Sunday, November 8, 2009

2009 Andrew Ollie Lecture - Julian Morrow

At a time when we're celebrating the 20th anniversary of the coming down of the Berlin Wall patting ourselves on the back for our wonderful democratic freedom-of speech society, according to Julian Morrow we're also in the midst of the AFC (Australia's Funny Crisis). Tonight in Sydney Morrow gave the annual Andrew Ollie Lecture. The lecture in part was another apology for the "Make A Wish Foundation" and a public kiss-and-make-up with the ABC. Thankfully, in addition, Morrow gave context with wise words about the role of the ABC to be impartial, to walk the double edged tightrope of diversity vs answerability trinagneld with responsibility for public funds. I currently find we're more often full of outrage, Victorian era principles and with the Chaser's banning I think we're becoming a country full of fear.



Morrow's lecture was great, amusing and insightful on regulation standards on the ABC. As this years prime target of these standards he speaks from an informed, experienced and somewhat burnt point of view. His balance of apology and defence for diversity was sterling. "Do not err on the narrow side... Guessing community standards is a difficult game and those with the narrowest views should not be the judges... Being willing to take risks for content earns more respect than erring on the side of caution... When you make bad judgment, renew your commitment to good judgement. Don't cave in to the furious cries of the mob nor leting the narrowest of tastes prevail... The essence of judgement is maintaining your independence and self trust". If the CEO's after speech thanking Julian was the public "you're out of the sin bin son" public man-love speech then so be it. In the tradition of a famous ALP slogan.. "Its time." (Come to think of it, that's the current jingle for Channel 7 2. Um, That's not Channel 72, but rather Channel 7's second channel.... ABC1 and ABC2 work so much easier... HSV1 uh no, they'd think that was a car and its only regional anyway).

AFC? Let's take that one more step. I"ll call it the "Australian Fear Crisis". We're so politically correct at the moment we're jumping at shadows, scared of saying what we really think if its not conformist and our fresh, satiric sense of humour is in danger of being compromised. Axing of the Chaser's War on Everything is a glaring case in point. Morrow's words about primary and secondary audience access and control of response ring very true; a double edged sword of everyone having access to so much on the internet... gateway not only to what the ABC want you to see but to what they do not. Having just watched the celebration doco on the fall of the Berlin wall, I thought Morrow would like that wry contrast. No, I"m certainly not saying our current cultural political correctness is anything like the spying Stasi regime of East Germany, but upon this anniversary we need to remind ourselves to live the values we espouse rather than to tell people (or just imply by invisible passive aggression) what we can think, see, laugh at.

Listen to the lecture regardless of your position on the chaser thing. Its interesting; and with the ABC encouraging us to be on the internet more and more, there is an element of irony in their needing to be careful of their broadcast bregulation policies because content access is now totally de-regulated.

1 comment:

MikeFitz said...

Yep, I too caught the broadcast of Julian's lecture on Sunday night.

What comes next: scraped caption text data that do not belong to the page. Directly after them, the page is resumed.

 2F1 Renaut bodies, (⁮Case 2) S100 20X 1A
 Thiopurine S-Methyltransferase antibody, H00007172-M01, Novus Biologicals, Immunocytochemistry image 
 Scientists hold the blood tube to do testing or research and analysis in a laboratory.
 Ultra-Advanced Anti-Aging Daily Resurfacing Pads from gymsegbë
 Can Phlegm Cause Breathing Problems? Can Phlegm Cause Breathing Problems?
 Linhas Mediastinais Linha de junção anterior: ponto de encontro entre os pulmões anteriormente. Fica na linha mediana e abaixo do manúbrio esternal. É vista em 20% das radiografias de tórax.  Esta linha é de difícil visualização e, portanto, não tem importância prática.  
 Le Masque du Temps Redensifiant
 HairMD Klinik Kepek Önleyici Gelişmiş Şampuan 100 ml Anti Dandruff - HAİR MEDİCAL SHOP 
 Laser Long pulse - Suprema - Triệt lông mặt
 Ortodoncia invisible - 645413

It was brilliant.

I particularly liked his suggestion (which the ABC boss seemed to take on board) that the ABC should draw a distinction between complaints from the "Intended Audience" (people who bothered to tune in to the transmission/show) vs complaints from the "Secondary Audience" (people who only later got outraged following a media beat-up and/or global, viral dissemination via YouTube).

I also liked his breakdown of complainants into:
Group 1: those who are genuinely hurt by something and are owed an apology,
Group 2: those who are not directly affected but are expressing outrage ON BEHALF OF Group 1 and are not themselves owed any apology at all, and
Group 3: those on the fringe who are just having a say for the sake of it.

Julian spoke so well that during the first part of his lecture I said to my wife, "There’ll be someone in the ALP right now checking which marginal seat needs a good candidate." Then came that well-deserved dent in K. Rudd's helmet over his knee-jerk reactions to things like Henson's photographs. After that, maybe the Libs are checking *their* vacancies for marginal seat candidates. :) But I don’t think so.